Le groupe de travail approuve totalement la démarche d'évaluation et de prévention des menaces potentielles sur la stabilité financière européenne, incarnée par le futur CERS, qui dispose opportunément d'un mandat large. De même que les banques centrales ont une réelle légitimité institutionnelle et technique pour assurer la surveillance prudentielle, il est logique que le CERS soit placé dans l'orbite de la BCE.
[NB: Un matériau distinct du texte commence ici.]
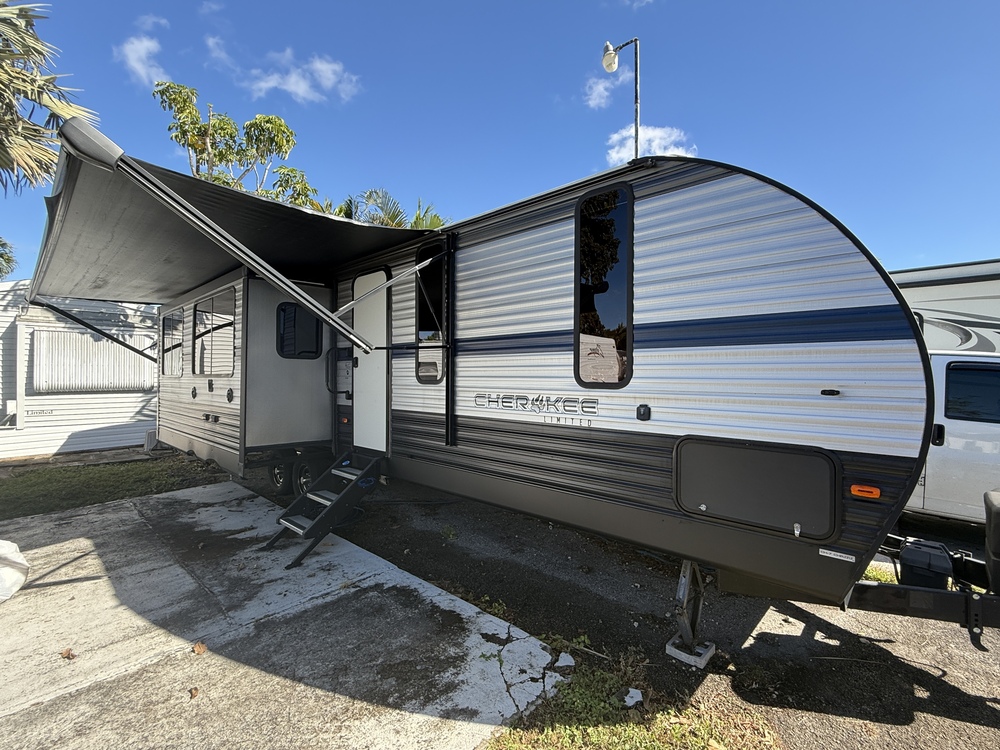 Photo of Rv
En revanche, le groupe de travail émet les observations suivantes :

- la composition du comité directeur devrait être conforme aux conclusions du Conseil Ecofin et ne comprendre que deux gouverneurs de la BCE au lieu de cinq . En outre, ce comité n'étant pas décisionnaire (puisque son rôle est de préparer les travaux du conseil général), sa représentation n'a pas à refléter celle du conseil général et doit accorder une plus large place aux trois autorités sectorielles, qui disposent de l'expertise technique ;

- il importe que la transmission au Conseil de toutes les alertes et recommandations ne conduise pas ce dernier à « filtrer » ou valider tacitement ces documents, pour ne pas mettre en péril l'indépendance du CERS ;

- la portée des alertes et recommandations non individuelles (au niveau d'un Etat ou établissement) qu'émet le conseil général, et donc l'effectivité de la prévention des risques, seraient sans doute renforcées si la décision de les publier était prise à la majorité simple plutôt que qualifiée, à l'instar des autres décisions du conseil général.
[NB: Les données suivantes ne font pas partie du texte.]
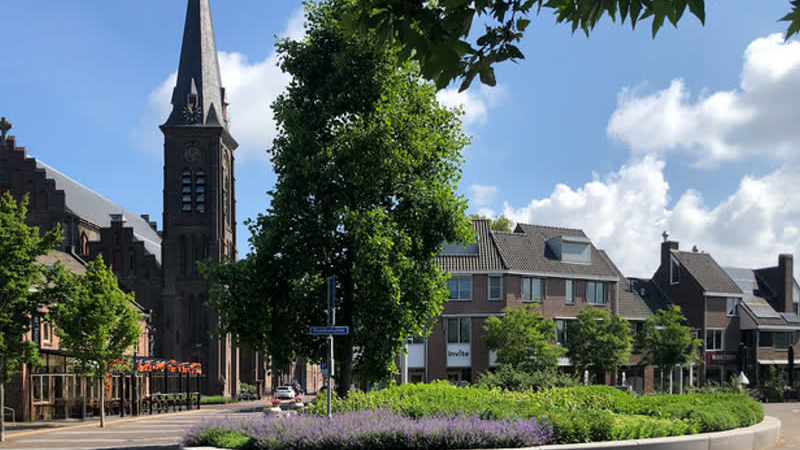 Sfeervolle verlichting in Reuver en Bösdael tijdens donkere dagen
Le groupe de travail salue également le travail accompli par la Commission européenne sur les autorités européennes de supervision , qui fixent le cadre d'une véritable régulation à l'échelle européenne et marquent l'aboutissement de la réforme des comités de niveau 3 initiée sous la présidence française de l'Union européenne, au second semestre de 2008.
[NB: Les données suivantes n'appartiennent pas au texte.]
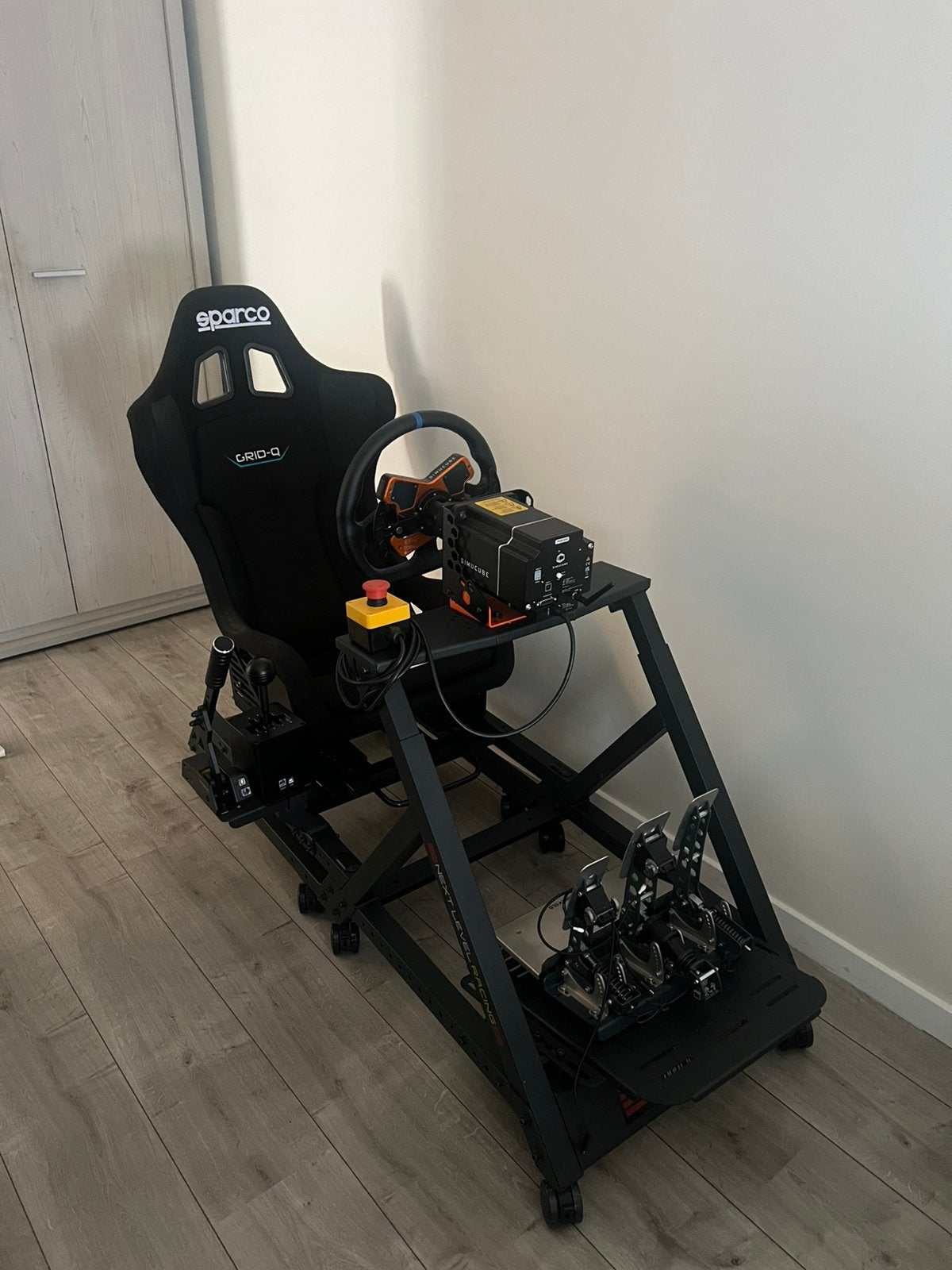 Cockpit Next Level Racing - très robuste - Qualité ++, Consoles de jeu & Jeux vidéo, Jeux | PC, Comme neuf, Enlèvement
L'articulation de leurs pouvoirs avec les prérogatives de la Commission se révèle cependant complexe et laisse encore une impression d'inachevé ou de transition , l'étape vers des autorités dotées de véritables pouvoirs contraignants ou d'initiative 118 ( * ) n'ayant pas été complètement franchie. Il est en particulier regrettable que les AES ne puissent s'autosaisir pour prendre des mesures d'urgence , puisque seule la Commission est en mesure de constater la situation d'urgence, de sa propre initiative ou à la demande d'une AES, du Conseil ou du CERS.

Il est également nécessaire de préciser la portée de la clause de sauvegarde budgétaire , qui suscite des divergences d'interprétation entre Etats membres. Le groupe de travail estime qu'elle devrait être limitée aux situations appelant une recapitalisation ou la mobilisation de garanties publiques.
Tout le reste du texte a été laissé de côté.